*Data in this exercise*
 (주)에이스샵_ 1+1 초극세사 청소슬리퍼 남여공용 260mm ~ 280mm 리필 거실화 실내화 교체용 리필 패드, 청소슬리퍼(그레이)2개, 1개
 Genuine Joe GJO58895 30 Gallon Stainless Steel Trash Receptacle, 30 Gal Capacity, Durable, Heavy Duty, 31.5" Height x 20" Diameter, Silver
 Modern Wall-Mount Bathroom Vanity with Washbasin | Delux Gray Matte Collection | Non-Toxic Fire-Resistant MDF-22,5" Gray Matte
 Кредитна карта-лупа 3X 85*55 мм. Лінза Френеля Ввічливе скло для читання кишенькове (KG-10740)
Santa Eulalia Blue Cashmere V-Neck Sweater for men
---
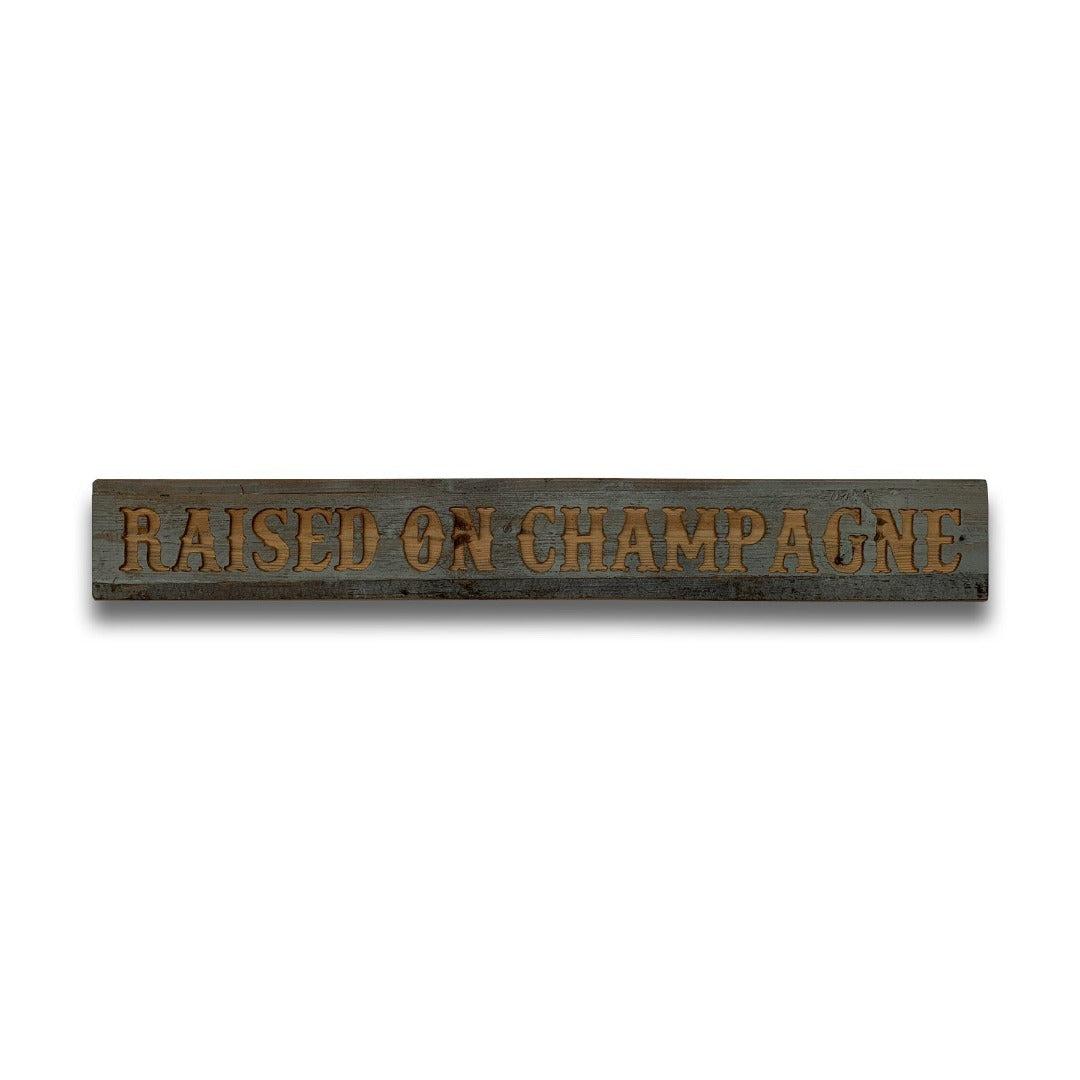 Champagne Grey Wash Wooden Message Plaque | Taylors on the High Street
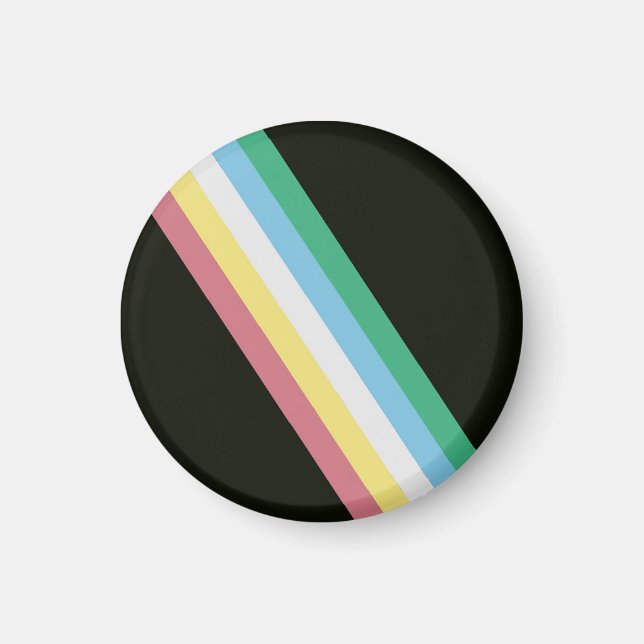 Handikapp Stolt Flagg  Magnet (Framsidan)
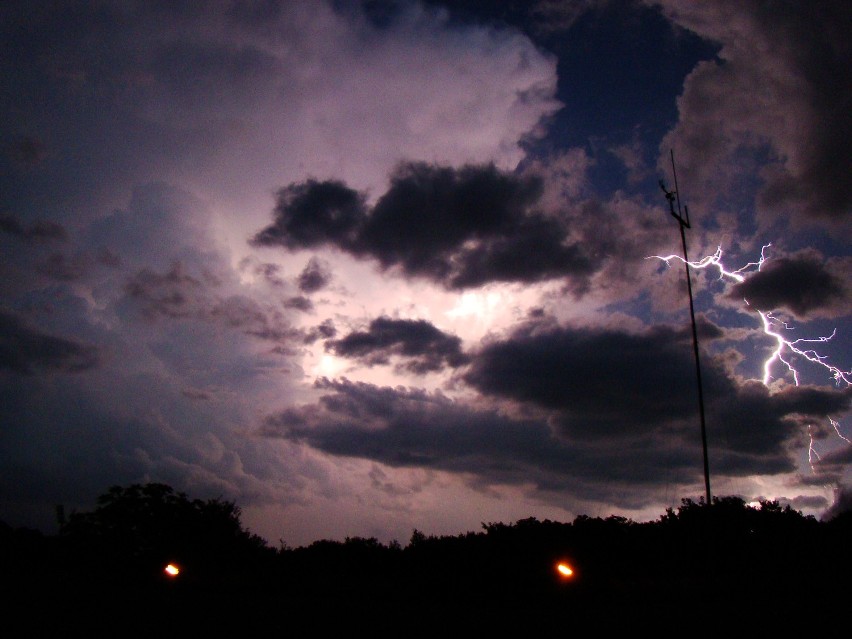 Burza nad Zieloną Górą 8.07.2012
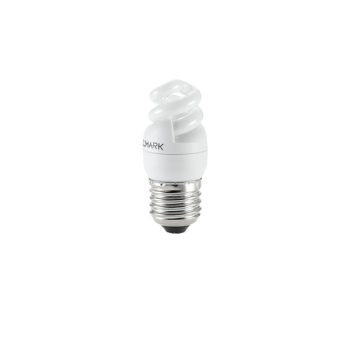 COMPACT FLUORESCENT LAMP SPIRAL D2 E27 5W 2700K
==
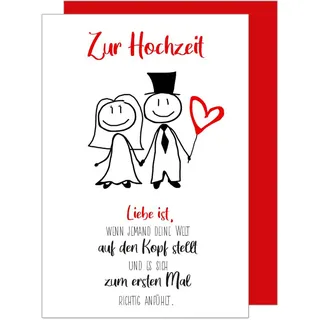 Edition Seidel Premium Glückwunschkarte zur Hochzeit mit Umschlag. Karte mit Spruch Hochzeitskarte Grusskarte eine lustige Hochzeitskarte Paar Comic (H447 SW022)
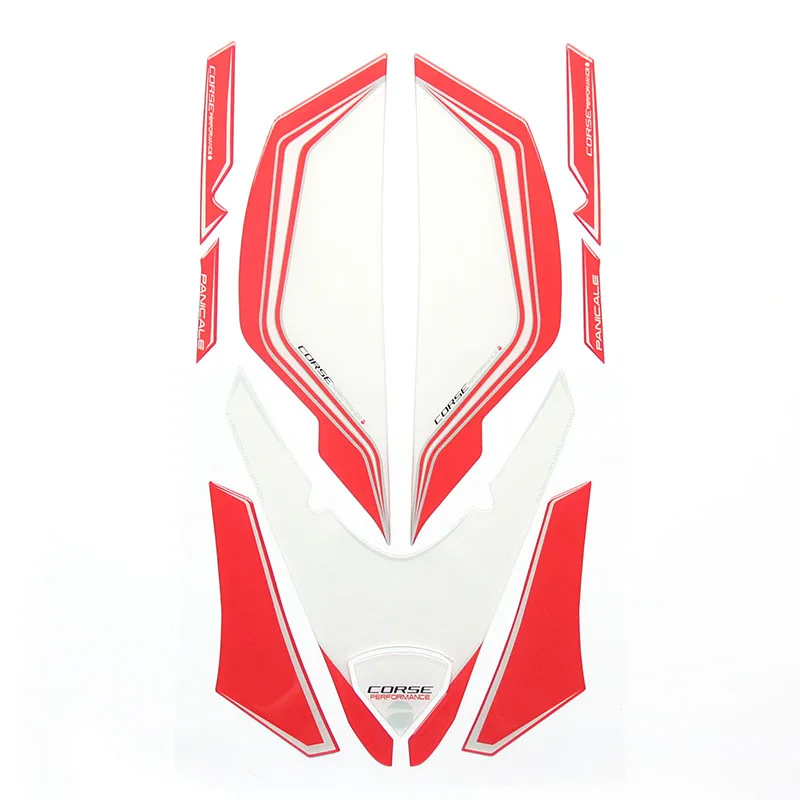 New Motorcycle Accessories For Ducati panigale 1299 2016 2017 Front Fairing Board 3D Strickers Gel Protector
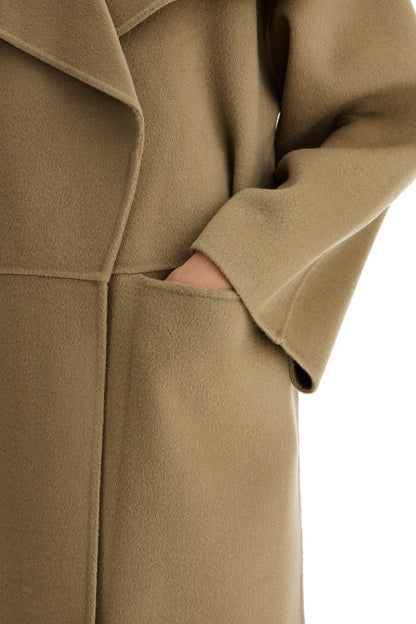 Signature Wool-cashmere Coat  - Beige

*Work to be completed*
What you give back must be the stretch above, starting at the line with "(주)에이스샵_ 1+1 초극세사" and ending at the line with "Genuine Joe GJO58895", copied exactly.

*Response to the task*
 (주)에이스샵_ 1+1 초극세사 청소슬리퍼 남여공용 260mm ~ 280mm 리필 거실화 실내화 교체용 리필 패드, 청소슬리퍼(그레이)2개, 1개
 Genuine Joe GJO58895 30 Gallon Stainless Steel Trash Receptacle, 30 Gal Capacity, Durable, Heavy Duty, 31.5" Height x 20" Diameter, Silver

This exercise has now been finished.